Creating machine learning datasets from satellite imagery is traditionally a frustrating experience. Wrestling with heavy, notoriously complex GIS libraries like GDAL is a massive pain point for researchers who just want to train models.

Existing geospatial ecosystems are heavily **analysis-first**. **mapcv** is different. It is explicitly designed as a **data creation-first** tool. It provides a fast, end-to-end pipeline written in Python and Rust specifically optimized for fetching map tiles, rasterizing complex labels (KML/GeoJSON), and splitting areas into uniform, ML-ready patches. The target audience includes computer vision researchers, data scientists, and ML engineers who need an efficient and reliable way to prepare high-quality satellite datasets for training segmentation models without the traditional GIS headaches.

## Installation

```bash
pip install mapcv
```

Requires Python 3.10 or higher. Pre-built wheels cover Linux, macOS, and Windows.

## Quick start

### 1. Scaffold a config file

```bash
mapcv init my_dataset.yaml
```

Open the file and fill in your region, tile source, and (optionally) label path. Everything else has sensible defaults.

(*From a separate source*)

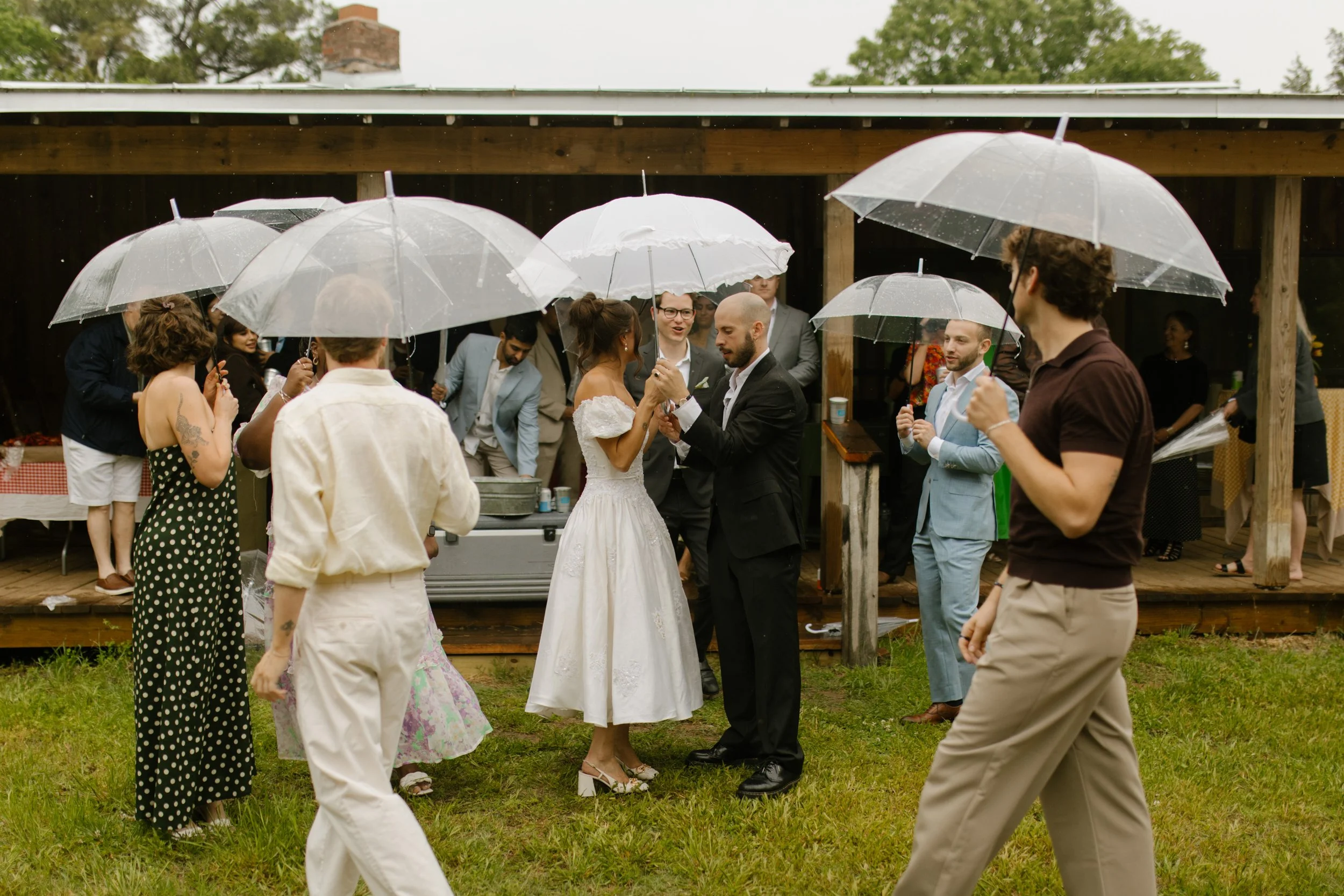 Guests gathered under clear umbrellas outside the venue during rehearsal dinner photography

> **Note:** mapcv supports tile sources that serve standard **256x256 pixel** tiles (OpenStreetMap, Esri, Google Satellite, CartoDB, and most providers). Sources serving 512x512 tiles are not supported and will produce incorrectly scaled patches.

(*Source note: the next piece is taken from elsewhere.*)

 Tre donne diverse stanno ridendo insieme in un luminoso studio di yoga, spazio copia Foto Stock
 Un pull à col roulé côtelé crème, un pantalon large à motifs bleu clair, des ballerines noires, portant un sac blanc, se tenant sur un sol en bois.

### 2. Generate the dataset

```bash
mapcv generate my_dataset.yaml
```

This fetches tiles, rasterizes labels, extracts patches, and writes everything to the output directory specified in your config.

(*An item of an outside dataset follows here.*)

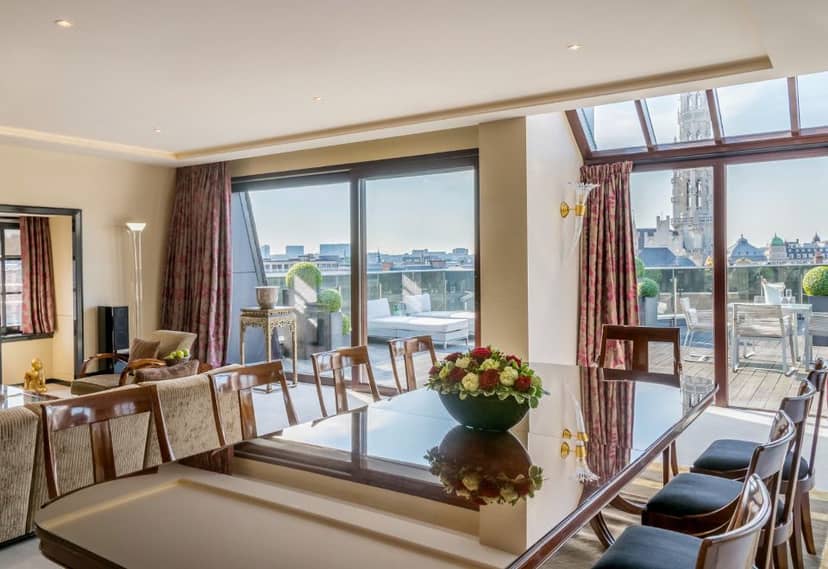 Grand Place Suite Brussels: Luxury boardroom with terrace for executive retreats and networking.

### 3. Re-split an existing dataset (optional)

```bash
mapcv split ./output --test-ratio 0.15 --val-ratio 0.10
```

Re-runs the train/val/test split from the existing `manifest.json` without re-downloading anything.

## Documentation

Full documentation including configuration reference, CLI reference, and API reference is available at **[tahamukhtar20.github.io/mapcv](https://tahamukhtar20.github.io/mapcv)**.

## Contributing

Contributions are welcome. Please review the [Contributing Guide](CONTRIBUTING.md) and [Code of Conduct](CODE_OF_CONDUCT.md) before opening a pull request.

## Citation

*(Citation information will be added after publication.)*

## Author

**Muhammad Taha Mukhtar** · [tahamukhtar20+mapcv@gmail.com](mailto:tahamukhtar20+mapcv@gmail.com)

## License

This project is licensed under the MIT License — see the [LICENSE](LICENSE) file for details.